Re: Michael Perelman <[EMAIL PROTECTED]>
Subject:
"The problem with the discussion was not that it was insufficiently academic. 
...Nor was the problem that I wanted to cut off people's opportunity to 
participate. Just the opposite. I wanted to encourage more people to 
participate. Nor was the problem that certain ideas have no business on the 
list. ... The problem was that the discussion degenerated until it was mostly 
limited to two people, who were going back and forth in a style that was 
increasingly becoming personal."

Hello Michael:
Michael your list is very valuable to me, and I greatly admire your work. I am 
obviously not an economics academic, but I have interest in understanding this 
lists' discussions. But I do agree with the general tenor of the reply from 
Louis P. I am guilty as he charges of silence. Perhaps this current discussion 
only entails those with adequate 'heft'. While I am certainly not very 'deep', 
I am a lurker here. Occasionally I surface however, and usually to ask polite 
questions. Perhaps my questions are considered so stupid as to merit any reply. 

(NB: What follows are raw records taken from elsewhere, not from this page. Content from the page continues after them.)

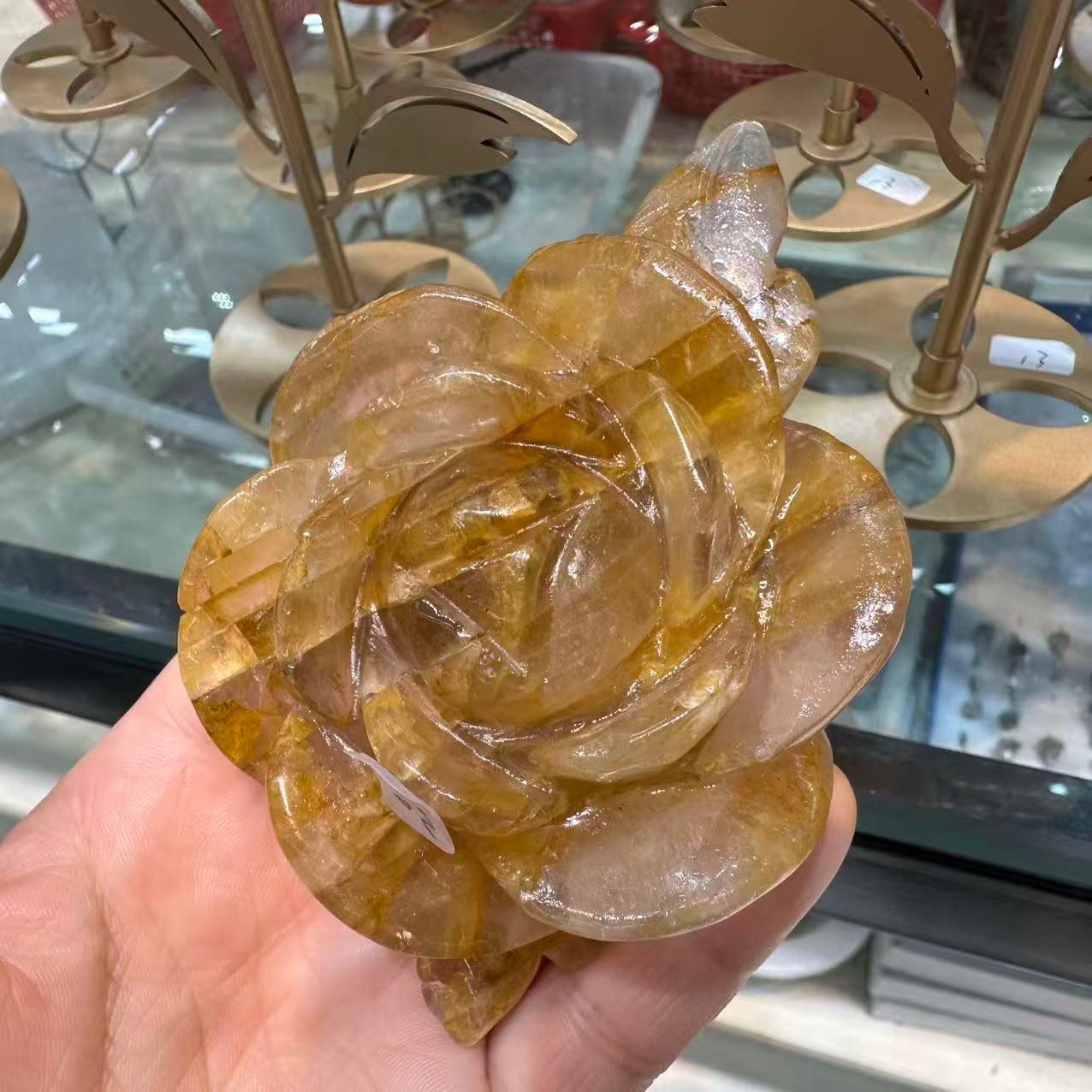 1pc Natural Gumflower Quartz Hand Carved Flower Skull Crystal Energy Reiki Decor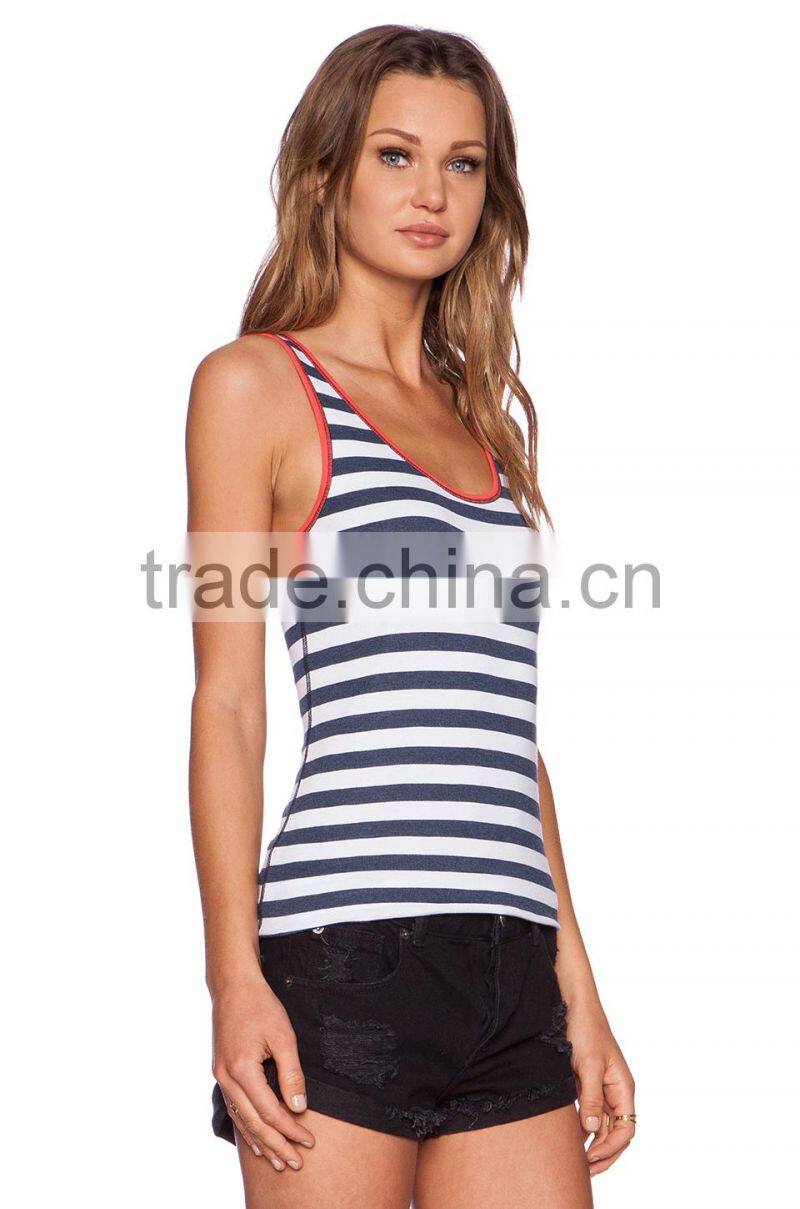contrast trim polyester cotton tank top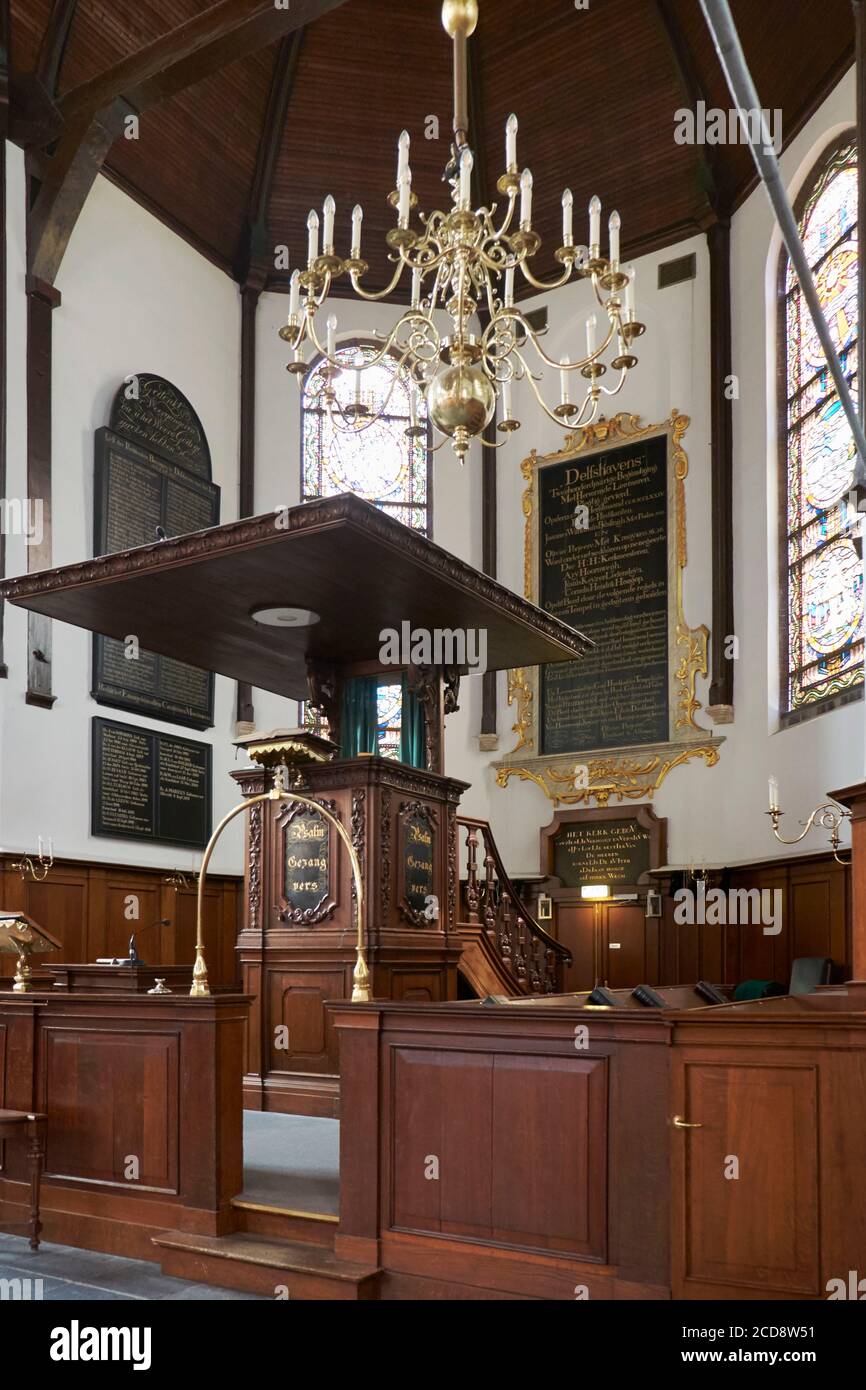 Niederlande, Südholland, Rotterdam, Delfshaven, Innere der Kirche Stockfoto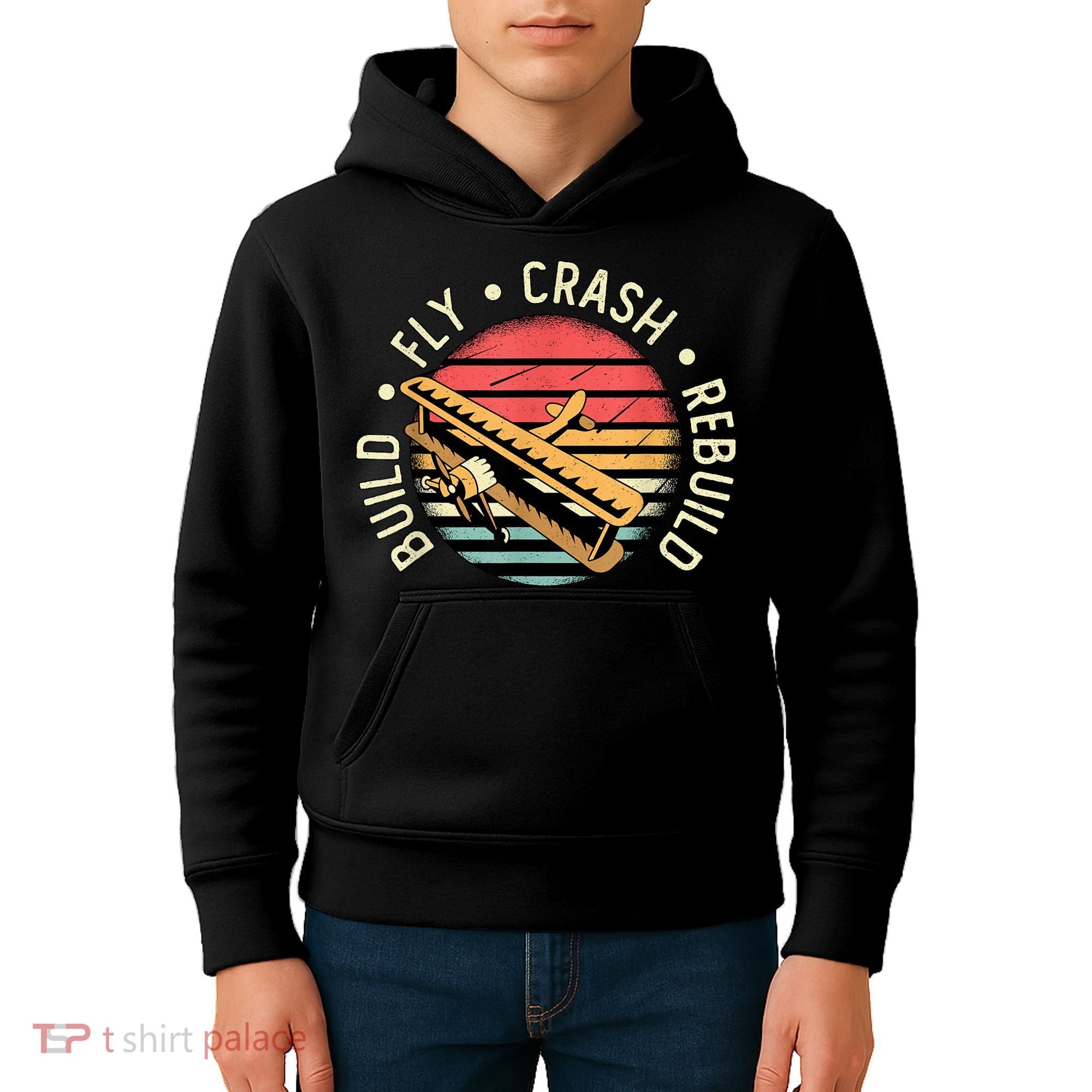 Build Fly Crash Rebuild Model Airplane Pilot Retro RC Plane Kids Hoodie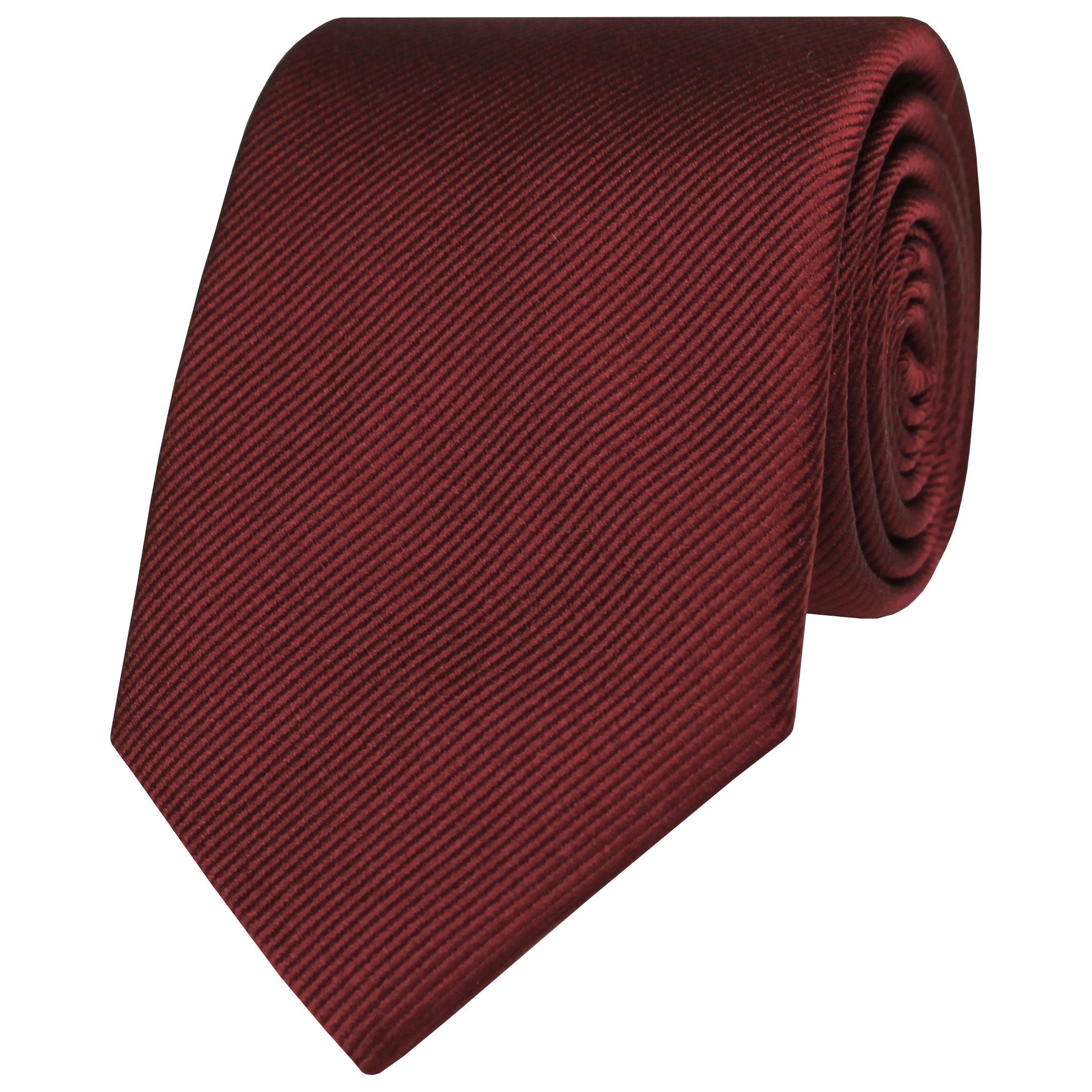 Burgundy Woven Twill Solid Silk Tie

However I can do little about my lack of insight, without replies. I grant that 
this might not matter to many - this is not after all this lists concern!
With all due respect however - my second unanswered question: the contribution 
of oil-diplomacy of Venezuala to on-going environmental damage - is probably 
not that dumb a question. One possibility that the pro-Chavez bias  of much of 
this list makes this an inconvenient question might be considered.
Anyway, just to say that I appreciated some of this ding-dong back-&-forth on 
Peak Oil. And I did try to insinuate myself into this question. But somehow 
people were quite irritated with this strand.